[Brief descriptive captions]
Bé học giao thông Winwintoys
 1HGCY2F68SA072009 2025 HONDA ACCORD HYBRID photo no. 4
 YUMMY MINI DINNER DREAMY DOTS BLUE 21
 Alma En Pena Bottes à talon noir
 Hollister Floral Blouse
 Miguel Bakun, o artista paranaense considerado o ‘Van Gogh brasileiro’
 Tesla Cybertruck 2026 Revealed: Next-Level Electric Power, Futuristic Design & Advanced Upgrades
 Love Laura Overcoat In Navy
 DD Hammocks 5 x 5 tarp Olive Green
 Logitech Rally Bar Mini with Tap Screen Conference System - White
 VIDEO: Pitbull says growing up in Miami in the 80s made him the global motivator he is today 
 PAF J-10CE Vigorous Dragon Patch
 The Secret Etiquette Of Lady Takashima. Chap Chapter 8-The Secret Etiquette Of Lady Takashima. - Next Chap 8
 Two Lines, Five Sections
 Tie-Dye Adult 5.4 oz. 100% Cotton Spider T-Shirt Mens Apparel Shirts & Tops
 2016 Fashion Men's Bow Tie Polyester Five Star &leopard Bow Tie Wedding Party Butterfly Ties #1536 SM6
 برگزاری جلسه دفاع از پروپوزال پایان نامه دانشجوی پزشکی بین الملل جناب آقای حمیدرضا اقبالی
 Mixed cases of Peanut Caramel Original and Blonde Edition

:: WHAT THIS TASK INVOLVES ::
The lines to set down, exactly and with both ends included, run from the one containing "برگزاری جلسه دفاع" to the last line of the data above.

:: RESULT OF THE TASK ::
 برگزاری جلسه دفاع از پروپوزال پایان نامه دانشجوی پزشکی بین الملل جناب آقای حمیدرضا اقبالی
 Mixed cases of Peanut Caramel Original and Blonde Edition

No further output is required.